One student decided not to go. He also decided he wouldn't do the makeup assignment.

" 'You can't make me,' " Romanello recounts the student saying. " 'And, if you try to make me, my mother will sue you.' "

That is only one example of incidents public school teachers regularly experience. A 2003 survey conducted by Public Agenda, a New York-based nonprofit research organization, showed nearly all teachers feel they must cope with more discipline problems than they had to in the past.

Yet, it is not unruly pupils who madden instructors. It is the lack of support from parents and administrators when those pupils become disruptive.

More and more of teachers' time is consumed by explaining their actions to principals who have received calls from angry parents, instructors say. Too often, administrators seem to stand by the parents.

That situation frustrated former teacher Jay Williams so much that he quit teaching and joined the Foreign Service.

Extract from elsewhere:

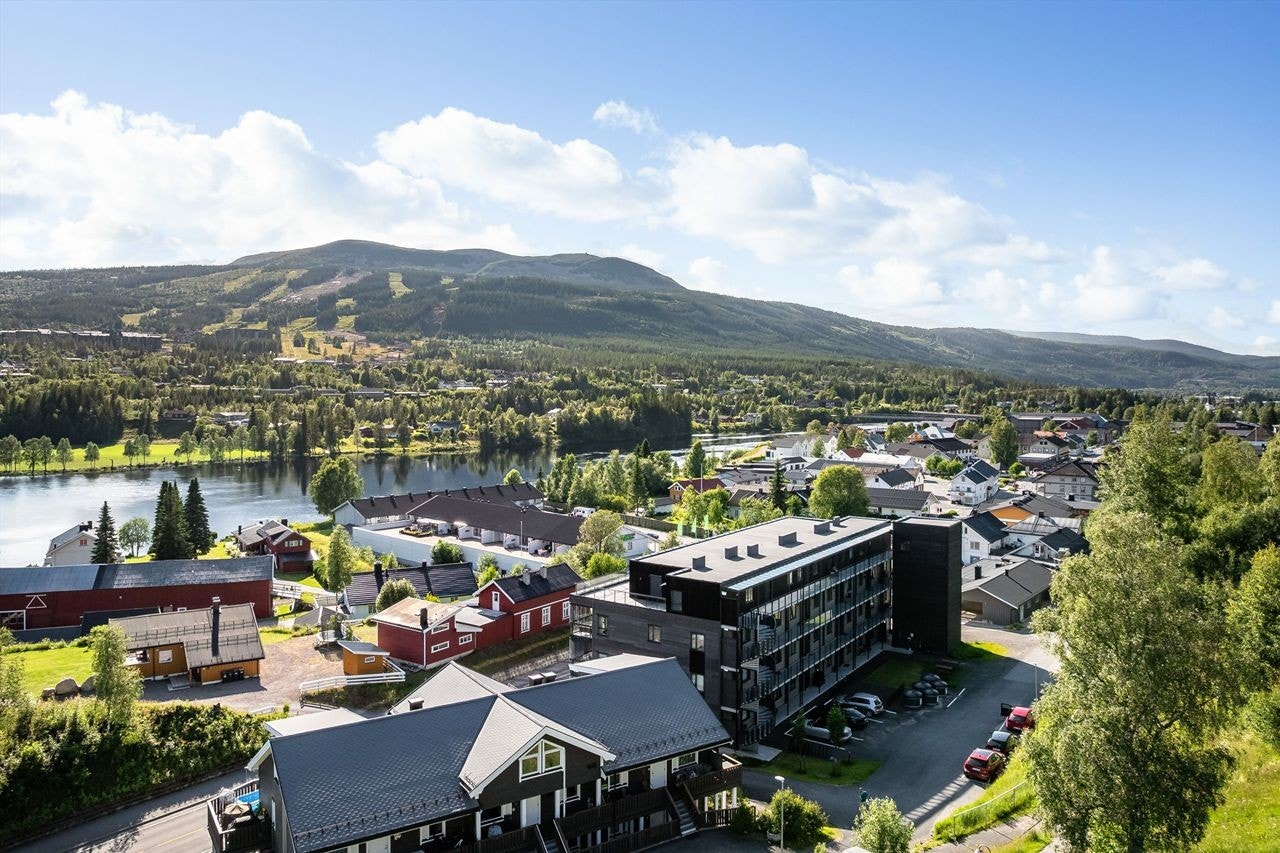 Fra eiendommen er det utsikt mot Trysilfjellet, Norges største skidestinasjon. Galleribilde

He taught in Utah during the 1997-98 academic year.

"The pay isn't the issue for a lot of [Utah] ex-teachers. It's the lack of control in the classroom," he wrote in an e-mail. "I for one would have been content with a $23,000 salary and a fulfilling job. However, my hands were tied in matters of classroom discipline. I received very little support from the administration or the parents. Frankly, were Utah to match my State Department salary, I still wouldn't come back. It's demeaning to have children abuse you in a public setting, knowing that neither their parents nor the administration will back you up."

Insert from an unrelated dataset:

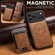 iPhone 17 Pro Max Suteni H17 Oil Eax Leather MagSafe Detachable Wallet Phone Case - Brown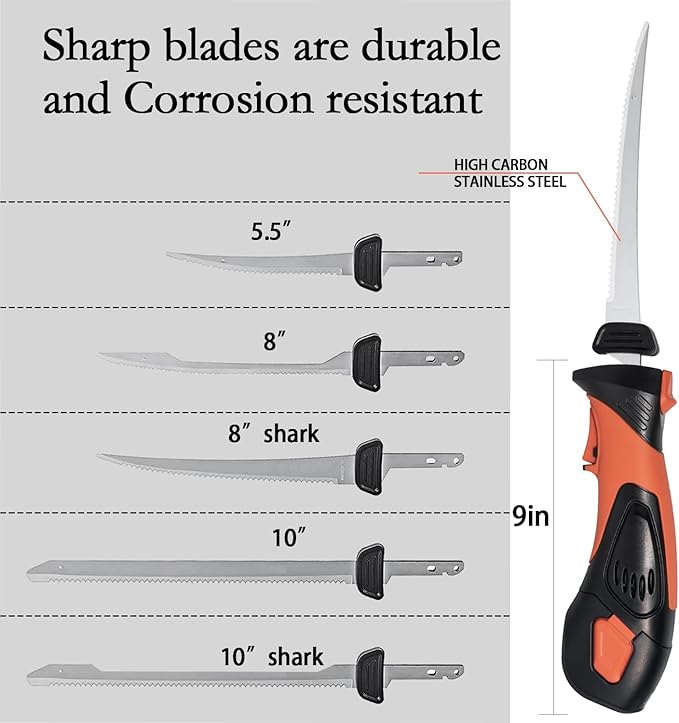 Cordless Electric Fillet Knife - 5 Ti-Nitride Coated Non-Stick Blades, Ergonomic Non-Slip Grip Handle & Cooling Vent Stylish with Carry Bag ,Perfect Electric Knife for Effortless Fishing (Orange)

Utah Sen. Howard Stephenson, R-Draper, says he has been aware of the problem for several years.

"It's one of the most common concerns I hear," said Stephenson, chairman of the Legislature's Education Interim Committee and president of the Utah Taxpayers Association. "We have a handful of parents who treat schools as baby sitters for their children. They say, 'When my child is in my home he's my problem. But, when my child is in your classroom he's your problem.' It's horrible."

He plans to introduce a bill that will establish the teacher's "primacy" in the classroom. Under this law, a teacher would have the ability to remove a misbehaving student indefinitely. As in assigning grades, that decision could not be challenged by anyone, including the principal and the school board. However, there would be an appeals process. And schools would receive the same amount of state funding as if the student were in class.

Stephenson says, "After one or two occurrences, word will spread like wildfire that the teacher has absolute power."